Short web captions:
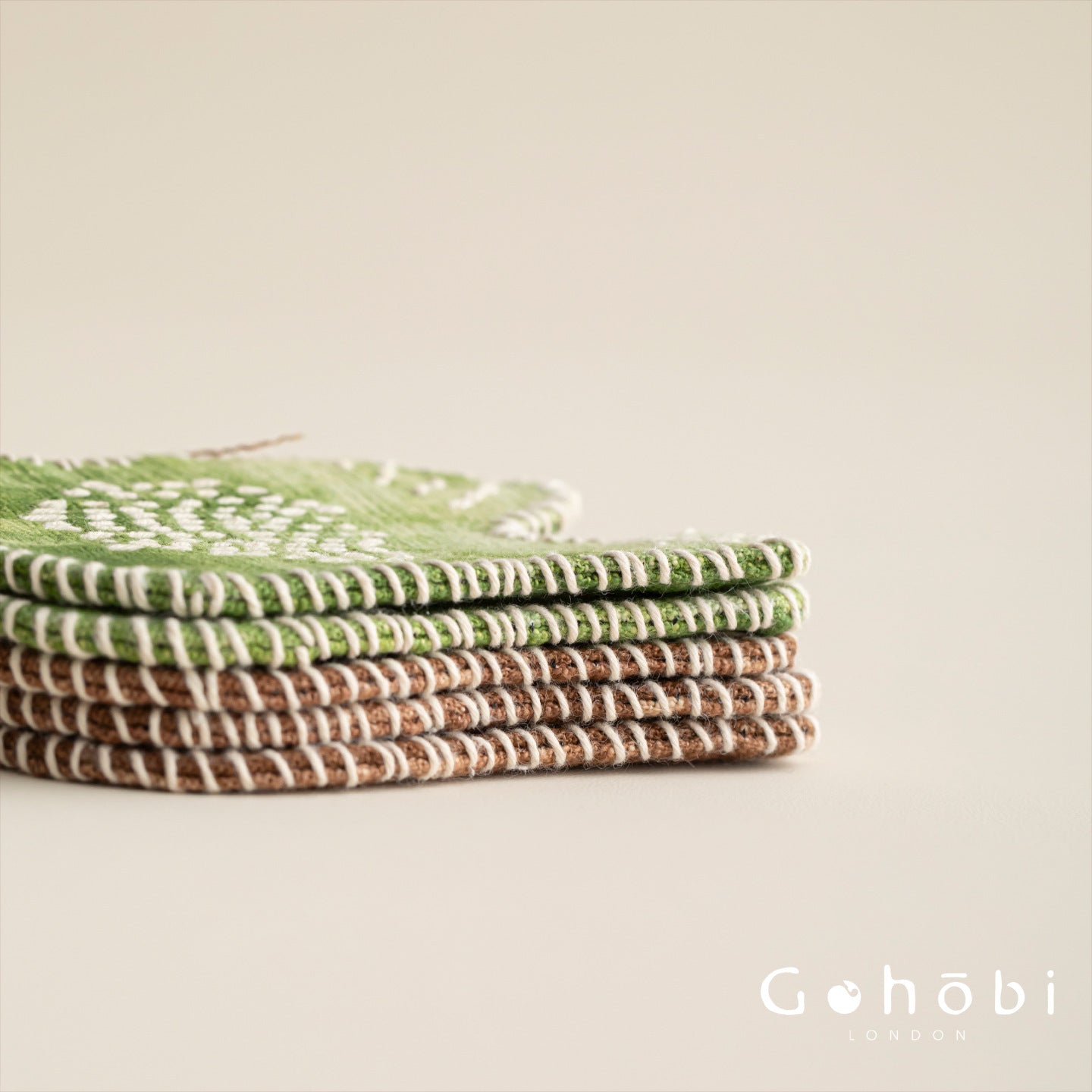 Gohobi Handmade Embroidered Bird Coaster – Fabric Teacup Heat Insulation Mat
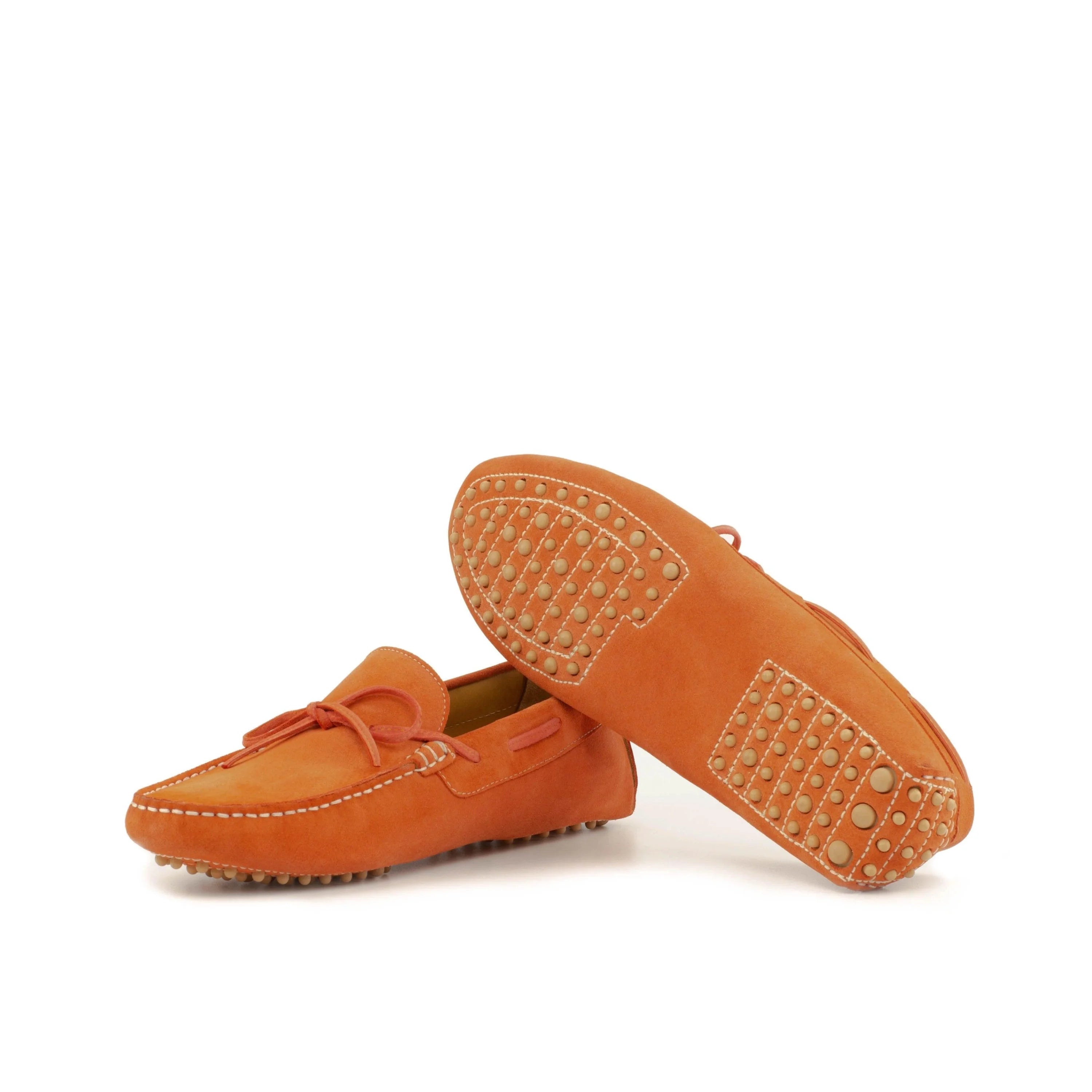 Maryland Driver II orange leather loafers with studded soles and bow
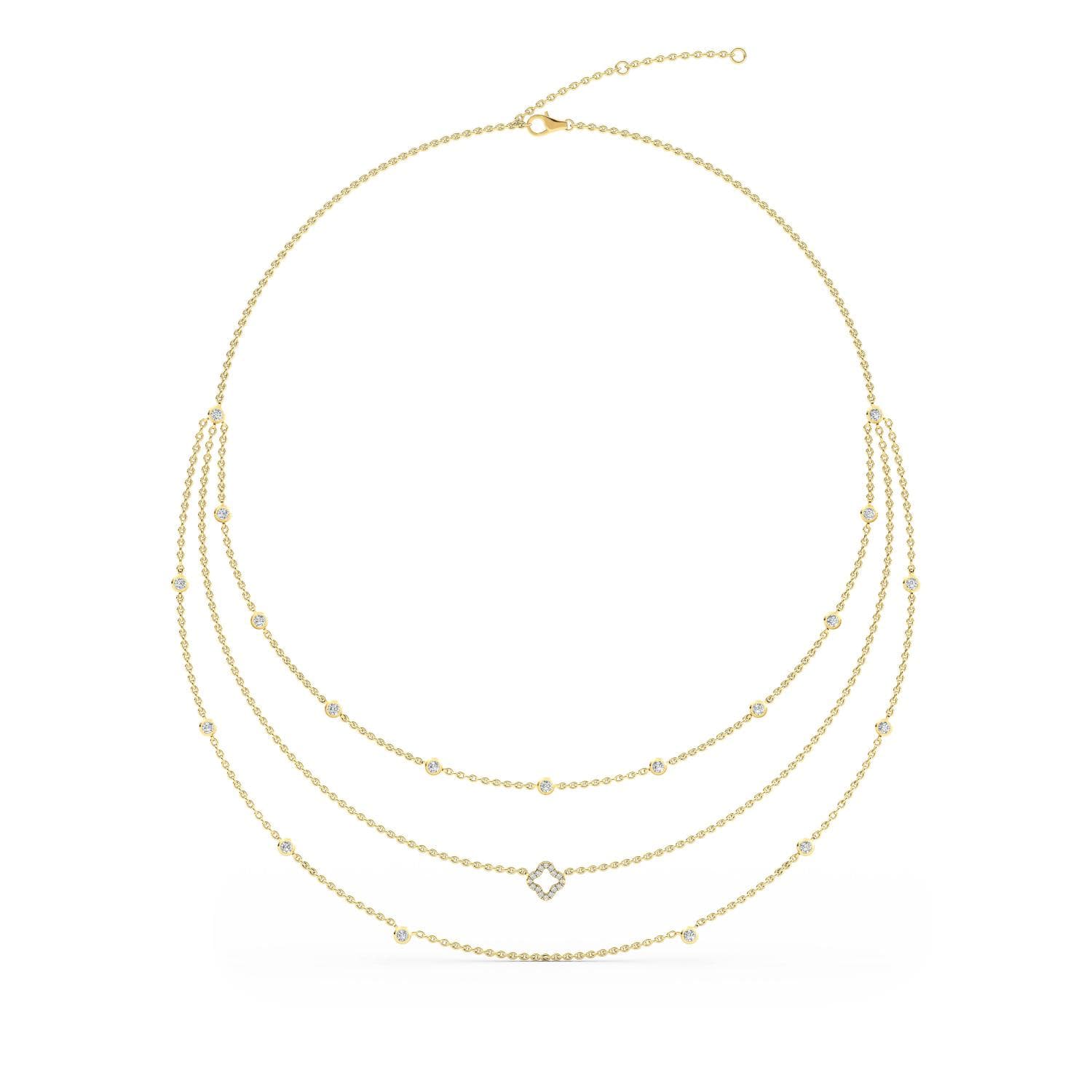 14K Yellow Gold Lab Grown Diamond NECKLACE 1.33 ctw SJN08245-1.38CT-18IN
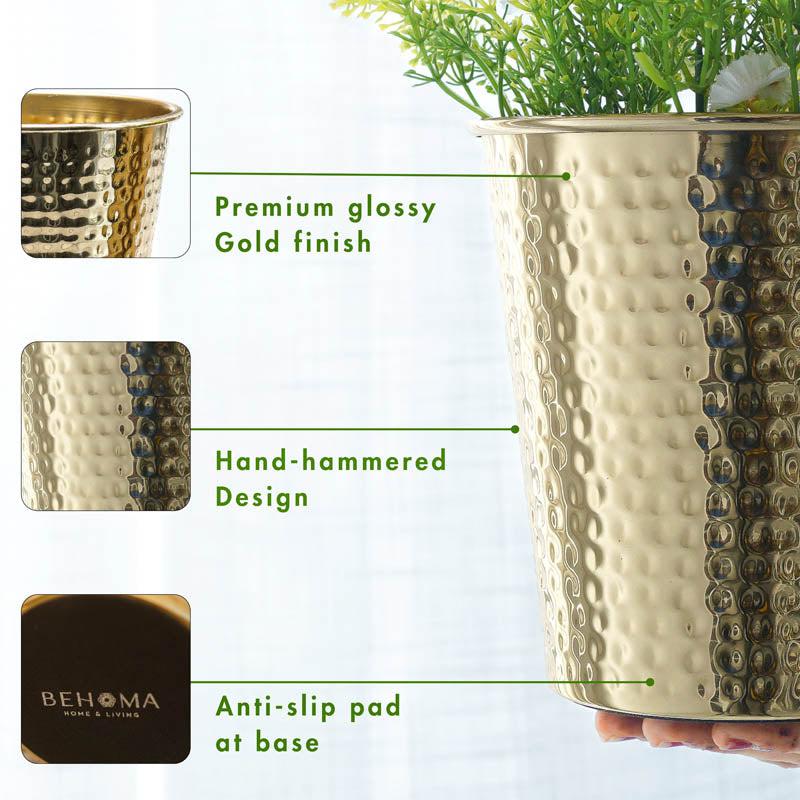 Glossy Hammered Bucket Planter - Set of 2 media 9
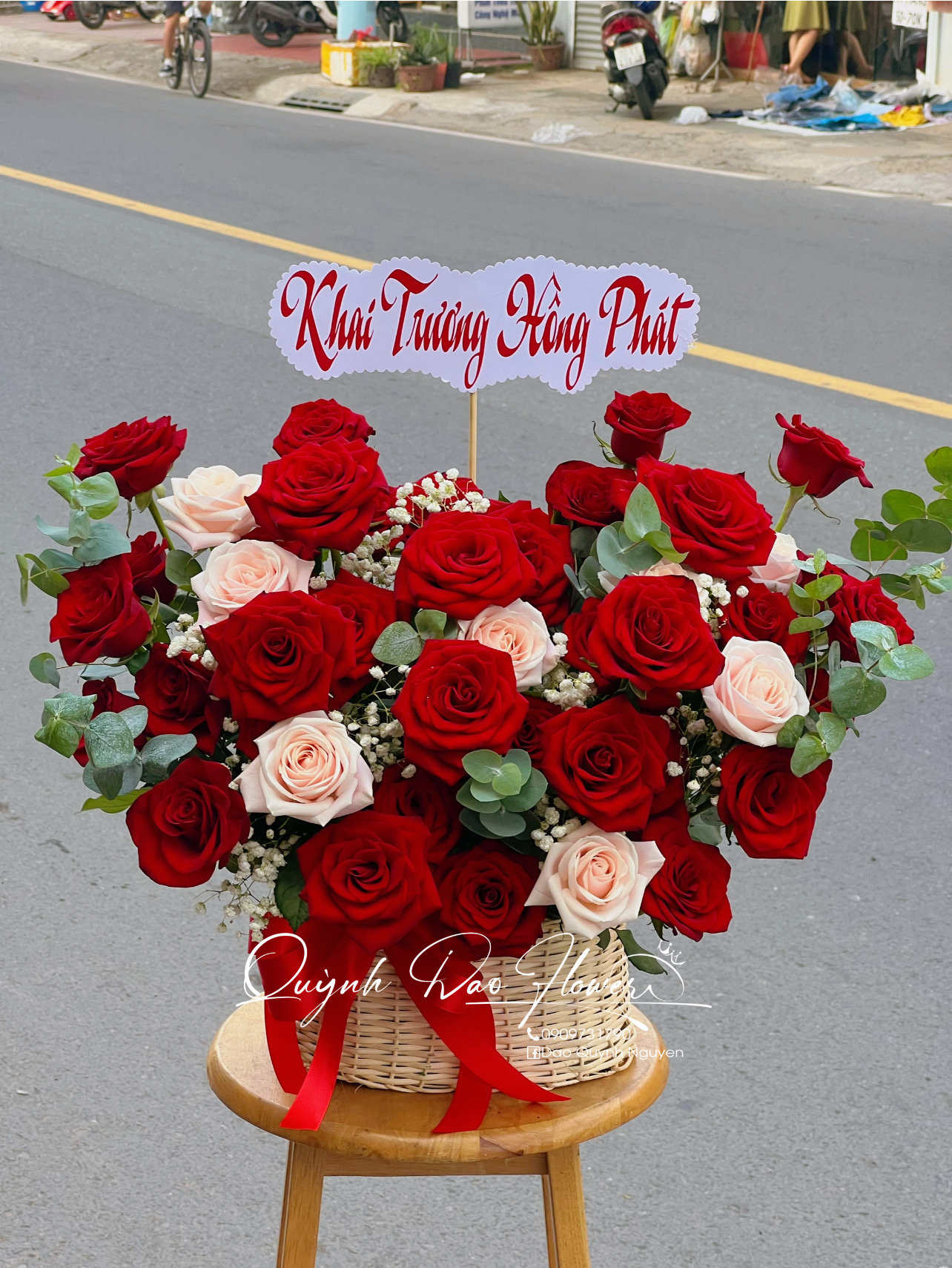 Giỏ hoa khai trương Vĩnh Phú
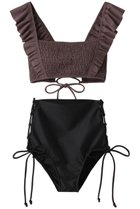 【レイール/Reir】の無地シャーリングフリルビキニ ブラウン|ID: prp329100004956881 ipo3291000000037194506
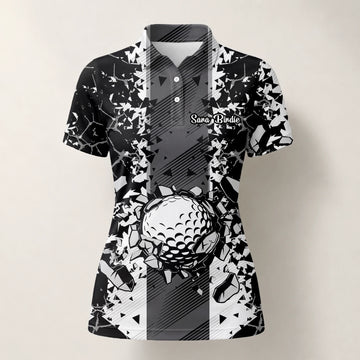 Personalisiertes Golf Poloshirt Schwarz Weißes Golfball Glassplitter Design für Damen F6407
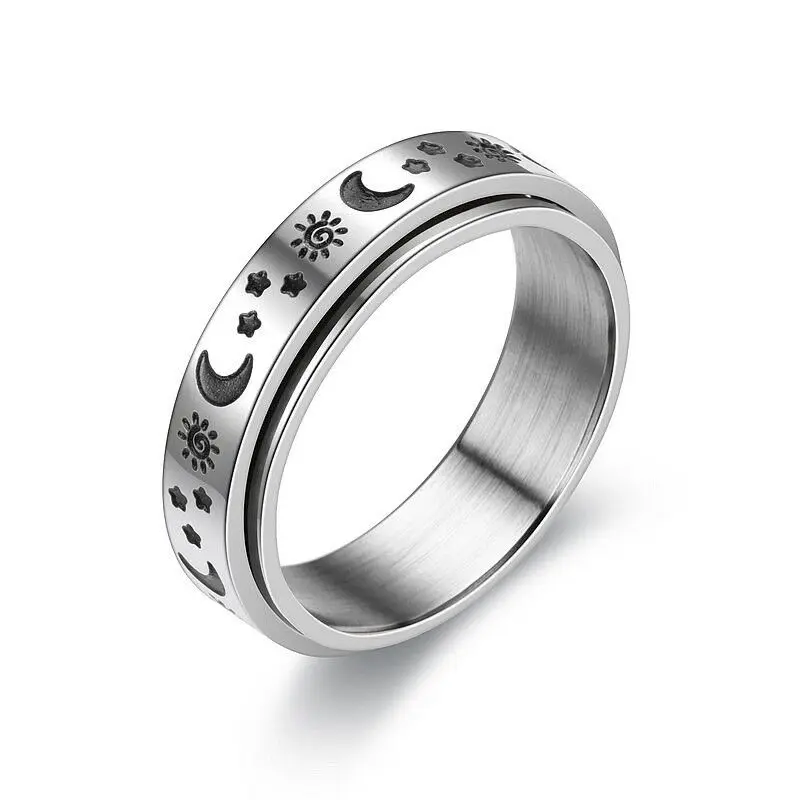 

New Arrive rotary titanium steel ring, European and American creative stress relief meditation stainless steel ring ring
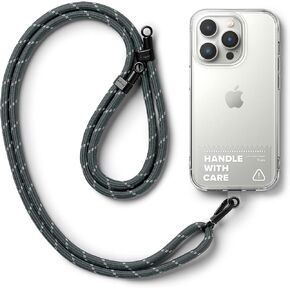 Ringke Holder Link Clear Adjustable Crossbody Neck Strap, Universal Multifunctional Lanyard Patch for Most Smartphones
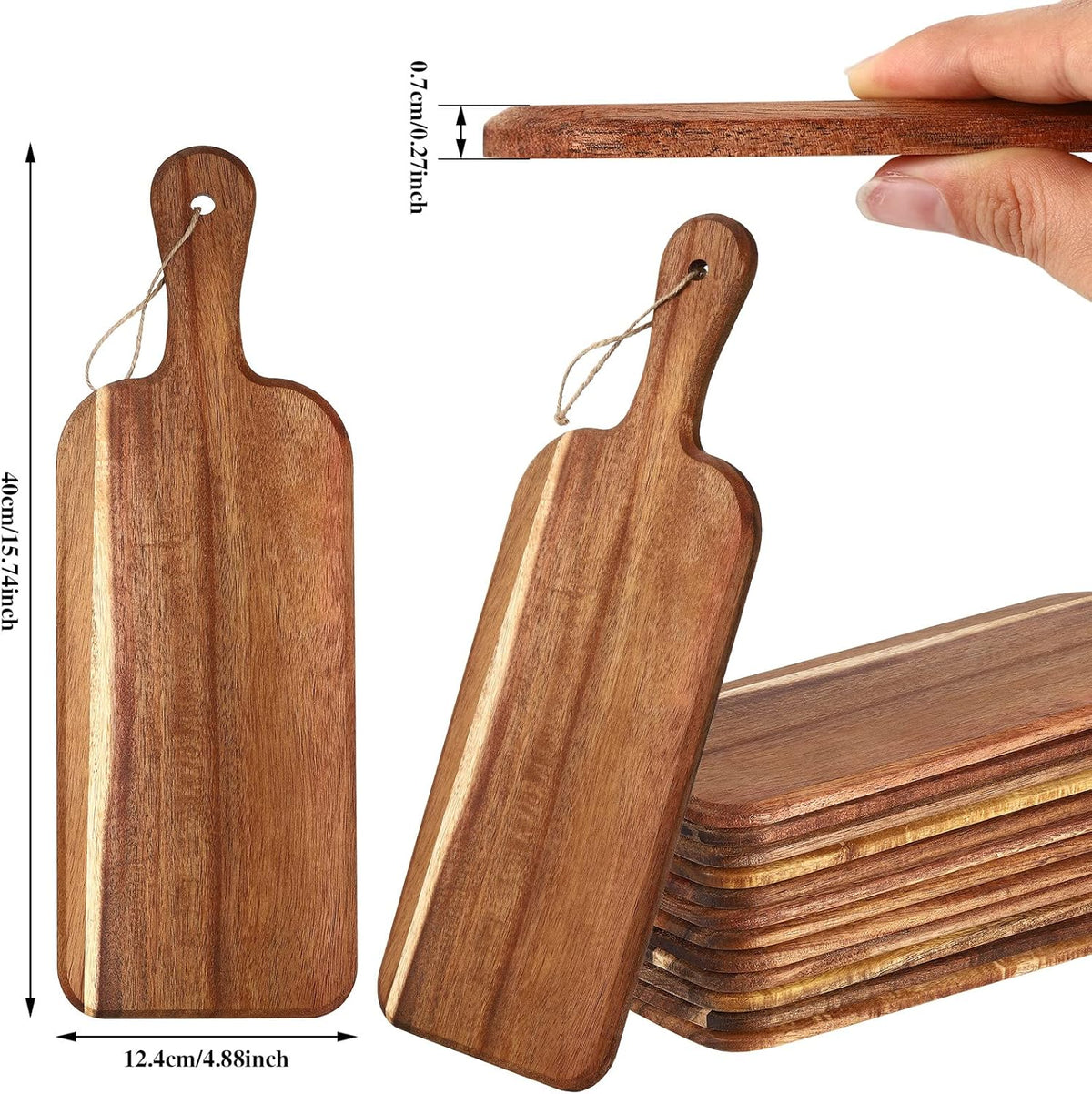 18 Pcs Plain Cutting Board Set with Handles Laser Engraving Wooden Charcuterie Kitchen Serving Chopping Board Bulk for DIY Housewarming Mother's Day Gifts(Walnut,15 x 7 Inch)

- [WORK TASK]:
With the pictures left out, copy exactly the lines from the line holding "Glossy Hammered Bucket" through the final line of the records, including both.

- [EXERCISE OUTPUT]:
 Glossy Hammered Bucket Planter - Set of 2 media 9
 Giỏ hoa khai trương Vĩnh Phú
 【レイール/Reir】の無地シャーリングフリルビキニ ブラウン|ID: prp329100004956881 ipo3291000000037194506
 Personalisiertes Golf Poloshirt Schwarz Weißes Golfball Glassplitter Design für Damen F6407

New Arrive rotary titanium steel ring, European and American creative stress relief meditation stainless steel ring ring
 Ringke Holder Link Clear Adjustable Crossbody Neck Strap, Universal Multifunctional Lanyard Patch for Most Smartphones
 18 Pcs Plain Cutting Board Set with Handles Laser Engraving Wooden Charcuterie Kitchen Serving Chopping Board Bulk for DIY Housewarming Mother's Day Gifts(Walnut,15 x 7 Inch)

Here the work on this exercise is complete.